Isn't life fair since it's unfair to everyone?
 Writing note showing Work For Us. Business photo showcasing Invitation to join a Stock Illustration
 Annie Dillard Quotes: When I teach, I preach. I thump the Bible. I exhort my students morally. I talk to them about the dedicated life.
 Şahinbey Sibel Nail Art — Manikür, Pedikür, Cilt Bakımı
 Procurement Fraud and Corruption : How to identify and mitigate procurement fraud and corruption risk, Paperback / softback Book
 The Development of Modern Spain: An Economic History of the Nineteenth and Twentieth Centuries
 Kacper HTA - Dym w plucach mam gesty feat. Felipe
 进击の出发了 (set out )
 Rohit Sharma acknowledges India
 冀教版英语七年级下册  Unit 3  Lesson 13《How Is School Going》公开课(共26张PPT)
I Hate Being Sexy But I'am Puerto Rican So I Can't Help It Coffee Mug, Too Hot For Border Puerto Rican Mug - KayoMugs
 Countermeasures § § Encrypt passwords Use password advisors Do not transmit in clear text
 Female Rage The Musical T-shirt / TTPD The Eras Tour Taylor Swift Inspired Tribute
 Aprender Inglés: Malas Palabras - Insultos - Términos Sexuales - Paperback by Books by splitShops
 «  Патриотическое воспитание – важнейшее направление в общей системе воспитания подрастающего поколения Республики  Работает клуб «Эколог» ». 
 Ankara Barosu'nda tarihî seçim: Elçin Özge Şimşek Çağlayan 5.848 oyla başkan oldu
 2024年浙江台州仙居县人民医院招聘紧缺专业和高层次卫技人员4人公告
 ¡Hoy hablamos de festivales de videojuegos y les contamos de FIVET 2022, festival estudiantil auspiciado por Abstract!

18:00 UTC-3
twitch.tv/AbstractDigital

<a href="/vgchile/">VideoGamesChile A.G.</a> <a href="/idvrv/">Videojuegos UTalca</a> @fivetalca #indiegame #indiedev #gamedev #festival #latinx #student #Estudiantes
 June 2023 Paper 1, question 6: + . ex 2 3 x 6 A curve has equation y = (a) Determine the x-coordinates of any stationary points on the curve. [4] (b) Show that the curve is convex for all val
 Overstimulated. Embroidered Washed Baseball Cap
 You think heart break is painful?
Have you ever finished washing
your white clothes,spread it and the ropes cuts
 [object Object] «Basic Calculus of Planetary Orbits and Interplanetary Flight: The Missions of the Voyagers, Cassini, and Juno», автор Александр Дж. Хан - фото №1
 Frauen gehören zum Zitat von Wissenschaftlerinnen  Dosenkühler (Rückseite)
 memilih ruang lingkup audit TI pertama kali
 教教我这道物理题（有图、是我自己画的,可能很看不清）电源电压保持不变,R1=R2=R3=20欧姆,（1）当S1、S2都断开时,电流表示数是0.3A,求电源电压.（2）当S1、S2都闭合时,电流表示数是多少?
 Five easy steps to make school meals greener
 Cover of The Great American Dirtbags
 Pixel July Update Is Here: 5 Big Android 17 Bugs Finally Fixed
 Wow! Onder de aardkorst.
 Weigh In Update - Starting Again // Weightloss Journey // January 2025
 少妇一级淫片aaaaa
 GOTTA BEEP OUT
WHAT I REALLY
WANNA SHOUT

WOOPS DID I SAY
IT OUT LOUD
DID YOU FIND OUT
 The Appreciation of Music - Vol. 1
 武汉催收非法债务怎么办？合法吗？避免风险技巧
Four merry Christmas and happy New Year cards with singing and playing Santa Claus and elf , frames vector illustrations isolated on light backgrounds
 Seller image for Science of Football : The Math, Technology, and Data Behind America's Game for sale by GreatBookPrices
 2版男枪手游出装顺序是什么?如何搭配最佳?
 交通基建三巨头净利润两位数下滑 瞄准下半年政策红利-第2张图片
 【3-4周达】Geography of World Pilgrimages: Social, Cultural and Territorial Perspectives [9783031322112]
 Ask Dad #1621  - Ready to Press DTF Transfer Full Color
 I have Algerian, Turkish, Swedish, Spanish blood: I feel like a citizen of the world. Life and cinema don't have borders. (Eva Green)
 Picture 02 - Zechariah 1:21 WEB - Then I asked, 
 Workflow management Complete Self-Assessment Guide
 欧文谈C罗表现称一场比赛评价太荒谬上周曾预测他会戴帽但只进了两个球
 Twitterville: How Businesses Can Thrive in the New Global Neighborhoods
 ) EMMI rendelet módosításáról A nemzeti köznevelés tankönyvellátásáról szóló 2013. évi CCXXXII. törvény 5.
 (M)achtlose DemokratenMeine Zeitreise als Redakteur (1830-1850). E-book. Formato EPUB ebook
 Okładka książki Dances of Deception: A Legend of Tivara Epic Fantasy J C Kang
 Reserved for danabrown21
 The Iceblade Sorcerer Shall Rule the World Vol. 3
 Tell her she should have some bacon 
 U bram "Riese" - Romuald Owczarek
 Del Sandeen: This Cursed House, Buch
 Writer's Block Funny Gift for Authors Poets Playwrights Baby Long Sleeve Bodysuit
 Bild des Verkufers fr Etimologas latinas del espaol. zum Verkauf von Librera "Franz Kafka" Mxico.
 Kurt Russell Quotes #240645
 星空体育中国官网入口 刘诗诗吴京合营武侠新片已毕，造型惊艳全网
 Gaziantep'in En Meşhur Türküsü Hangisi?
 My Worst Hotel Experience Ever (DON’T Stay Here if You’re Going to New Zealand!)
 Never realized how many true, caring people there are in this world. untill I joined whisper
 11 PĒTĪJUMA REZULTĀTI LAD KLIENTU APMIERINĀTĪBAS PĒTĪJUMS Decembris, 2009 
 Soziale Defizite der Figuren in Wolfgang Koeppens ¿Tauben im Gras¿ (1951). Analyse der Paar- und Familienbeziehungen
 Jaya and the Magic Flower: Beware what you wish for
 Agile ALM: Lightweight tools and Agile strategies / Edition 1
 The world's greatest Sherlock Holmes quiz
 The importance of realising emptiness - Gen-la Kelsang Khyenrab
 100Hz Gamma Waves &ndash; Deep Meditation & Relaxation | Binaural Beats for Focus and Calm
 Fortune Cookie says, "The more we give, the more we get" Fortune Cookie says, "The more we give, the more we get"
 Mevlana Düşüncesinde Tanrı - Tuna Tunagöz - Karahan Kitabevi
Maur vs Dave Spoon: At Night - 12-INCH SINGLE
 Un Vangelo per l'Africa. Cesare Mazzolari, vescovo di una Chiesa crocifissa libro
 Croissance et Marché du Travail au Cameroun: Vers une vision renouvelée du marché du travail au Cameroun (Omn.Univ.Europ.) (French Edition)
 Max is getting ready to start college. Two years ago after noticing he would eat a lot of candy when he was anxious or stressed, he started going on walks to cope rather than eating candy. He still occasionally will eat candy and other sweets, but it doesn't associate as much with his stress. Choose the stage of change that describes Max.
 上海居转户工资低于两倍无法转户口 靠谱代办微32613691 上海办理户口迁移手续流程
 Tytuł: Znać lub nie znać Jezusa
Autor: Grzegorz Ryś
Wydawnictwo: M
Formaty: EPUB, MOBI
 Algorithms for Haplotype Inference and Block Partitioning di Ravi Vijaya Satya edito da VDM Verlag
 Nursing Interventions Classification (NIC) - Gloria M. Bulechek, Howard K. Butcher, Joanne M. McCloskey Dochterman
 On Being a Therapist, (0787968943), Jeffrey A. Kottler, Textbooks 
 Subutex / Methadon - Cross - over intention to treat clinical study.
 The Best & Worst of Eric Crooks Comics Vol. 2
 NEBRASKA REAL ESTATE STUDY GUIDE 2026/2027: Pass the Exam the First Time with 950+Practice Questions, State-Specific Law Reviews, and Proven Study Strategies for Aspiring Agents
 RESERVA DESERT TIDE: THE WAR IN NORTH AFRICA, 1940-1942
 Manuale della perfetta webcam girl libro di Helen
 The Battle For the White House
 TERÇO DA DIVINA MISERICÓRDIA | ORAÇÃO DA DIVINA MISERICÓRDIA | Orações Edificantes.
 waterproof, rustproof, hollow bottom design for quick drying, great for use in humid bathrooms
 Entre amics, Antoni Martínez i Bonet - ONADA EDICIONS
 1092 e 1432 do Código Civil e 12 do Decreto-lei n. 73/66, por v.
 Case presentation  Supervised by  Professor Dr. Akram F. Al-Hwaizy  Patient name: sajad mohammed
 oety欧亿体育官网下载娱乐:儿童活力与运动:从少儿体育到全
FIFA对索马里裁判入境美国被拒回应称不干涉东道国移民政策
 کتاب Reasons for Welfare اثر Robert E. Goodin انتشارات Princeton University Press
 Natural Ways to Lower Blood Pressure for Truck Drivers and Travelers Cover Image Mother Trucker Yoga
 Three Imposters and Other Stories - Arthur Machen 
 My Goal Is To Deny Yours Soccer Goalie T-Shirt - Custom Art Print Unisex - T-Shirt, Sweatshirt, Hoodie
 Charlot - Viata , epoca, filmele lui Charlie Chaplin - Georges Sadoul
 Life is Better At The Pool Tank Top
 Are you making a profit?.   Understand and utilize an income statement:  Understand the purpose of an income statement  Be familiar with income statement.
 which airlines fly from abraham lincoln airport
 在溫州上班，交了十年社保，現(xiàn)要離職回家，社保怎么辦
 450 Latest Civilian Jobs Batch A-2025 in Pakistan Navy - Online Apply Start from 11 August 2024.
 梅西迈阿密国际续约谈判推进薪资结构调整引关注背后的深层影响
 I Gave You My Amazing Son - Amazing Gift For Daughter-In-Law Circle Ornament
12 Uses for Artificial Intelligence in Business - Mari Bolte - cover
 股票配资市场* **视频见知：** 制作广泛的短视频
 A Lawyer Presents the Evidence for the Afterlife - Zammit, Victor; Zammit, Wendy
* * * * * * *
Go through the entries above and count the lines with the word "Being", then give only that number.

• Result of the task
2